CREATE TABLE test.test (
    id text,
    retailer_moniker text,
    interval_start timestamp,
    interval_end timestamp,
    key_data text,
    created_dtm timestamp,
    PRIMARY KEY (id, retailer_moniker, interval_start)
) WITH CLUSTERING ORDER BY (retailer_moniker ASC, interval_start DESC)
    AND default_time_to_live = 63072000
    AND transactions = {'enabled': 'false'};
cqlsh:test> select * from test where retailer_moniker = 'homedepot';

 id                                   | retailer_moniker | interval_start                  | interval_end                    | key_data             | created_dtm
--------------------------------------+------------------+---------------------------------+---------------------------------+----------------------+---------------------------------
 fa92eb7e-cbaa-11ea-87d0-0242ac130003 |        homedepot | 2020-07-01 00:00:00.000000+0000 | 2020-08-01 00:00:00.000000+0000 | secret key text July | 2020-07-22 18:56:19.833000+0000
 02536780-cbab-11ea-87d0-0242ac130003 |        homedepot | 2020-06-01 00:00:00.000000+0000 | 2020-07-01 00:00:00.000000+0000 | secret key text June | 2020-07-22 18:56:19.380000+0000
 079a6298-cbab-11ea-87d0-0242ac130003 |        homedepot | 2020-05-01 00:00:00.000000+0000 | 2020-06-01 00:00:00.000000+0000 |  secret key text May | 2020-07-22 18:56:19.358000+0000

(3 rows)
cqlsh:test> select * from test order by retailer_moniker, interval_start;
InvalidRequest: Error from server: code=2200 [Invalid query] message="Invalid Arguments. All hash columns must be set if order by clause is present.
select * from test order by retailer_moniker, interval_start;
                                          ^^^^^^^^^^^^^^^^
 (error -304)"

Hi @Vlad_Koretsky

Not specifying the partitioning-columns (id in this case) will result in cluster-wide full table scan and is an anti pattern. See docs SELECT statement [YCQL] | YugabyteDB Docs.

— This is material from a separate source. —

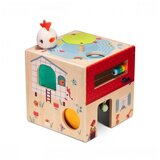 Lilliputiens® drvena aktivnosna kocka farma | shoptok.hr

If this is needed, can you open an issue on github ?

hi @Vlad_Koretsky

In the link @dorian_yugabyte shared about the ORDER BY clause, see that

<< Currently, only two overall orderings are allowed, the clustering order from the CREATE TABLE statement (forward scan) or its opposite (reverse scan). >>

In your CLUSTERING clause, the columns are ASC+DESC, but ORDER BY (for retailer_moniker+interval_start) is ASC/ASC.

YCQL, unlike YSQL, doesn’t support ORDER BY that requires a dynamic/run-time sort.

Dorian, Kannan, thank you for your replies!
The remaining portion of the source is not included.